Recuperada e transferida
Após três semanas no Cras de Campo Grande, a onça foi transferida para o Instituto Ampara Animal, no interior de São Paulo. Durante o período, recebeu suporte nutricional, hidratação e medicação.
“O animal ganhou bastante peso e está saindo com 107 quilos, evoluindo bem, sem problemas graves de saúde”, afirmou, em 16 de maio, a veterinária Aline Duarte, gestora do Hospital Veterinário Ayty e coordenadora do CRAS.
Antes da transferência, o macho foi batizado de Irapuã, nome de origem tupi-guarani que significa agilidade e força. A decisão de retirá-lo da natureza ocorreu após a constatação do risco de novos incidentes, já que o animal apresentava elevado grau de habituação humana.
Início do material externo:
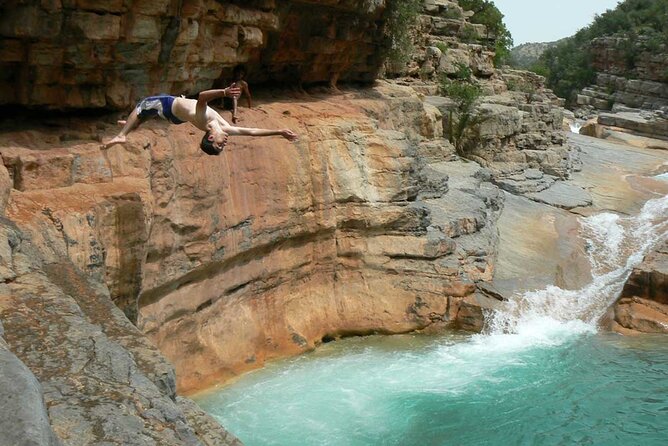 Paradise Valley Tour With Berber Breakfast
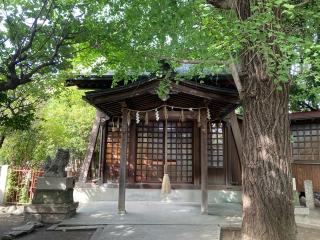 天満宮（松原八幡社）の参拝記録(恭子さん)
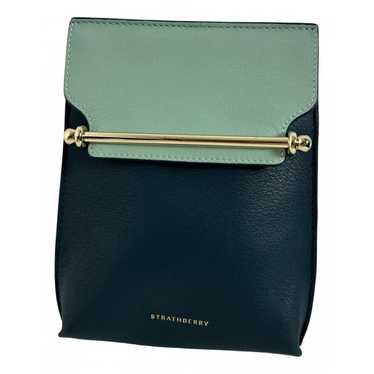 Strathberry Leather crossbody bag - image 1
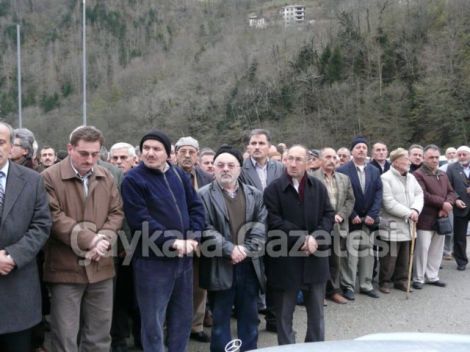 Ali Kemal Hoca Son Yolculuğuna Uğurlandı 9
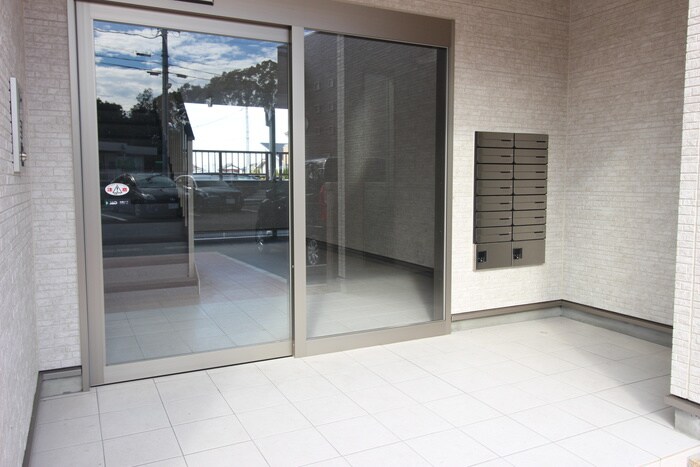 グリーンシティーⅠの物件外観写真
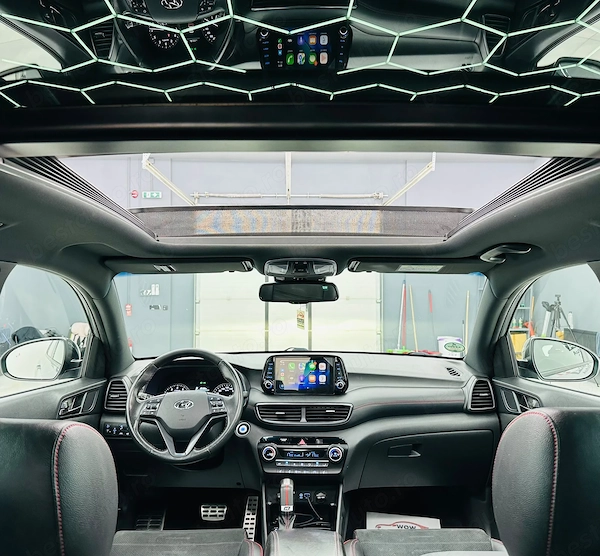 HYUNDAI Tucson 2020 — imagine 6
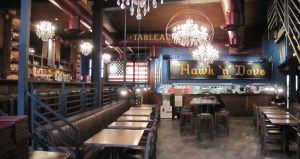 What You See As You Enter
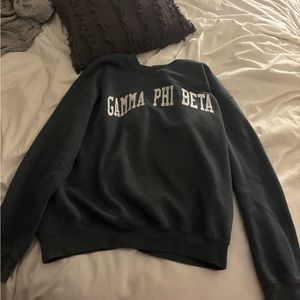 Gamma phi beta sweatshirt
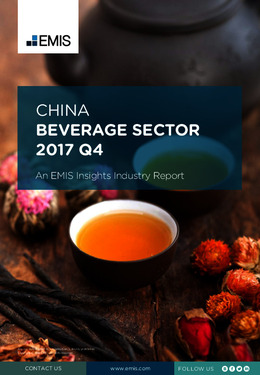 China Beverage Sector Report 2017 4th Quarter - Page 1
“Trata-se de um indivíduo que já não reage com o instinto de fuga típico da espécie; isso torna sua soltura um processo mais complexo e arriscado, tanto para ele quanto para as pessoas”, explicou o médico-veterinário Jorge Salomão Jr., responsável técnico pelo mantenedor de fauna do Instituto Ampara Animal.
Durante o I Workshop Internacional Conflitos com Grandes Felinos: Riscos, Causas e Soluções, realizado em 27 de agosto em Campo Grande, foi revelado que a transferência também visou evitar possíveis retaliações contra o animal.
“A gente queria eliminar qualquer chance de animosidade. Se esse animal ficasse no Estado, poderia representar um risco a ele e dificultar a gestão desse ambiente do ponto de vista da reação das pessoas”, afirmou Arthur Falcette, secretário-adjunto da Semadesc, durante o evento promovido pelo Instituto SOS Pantanal.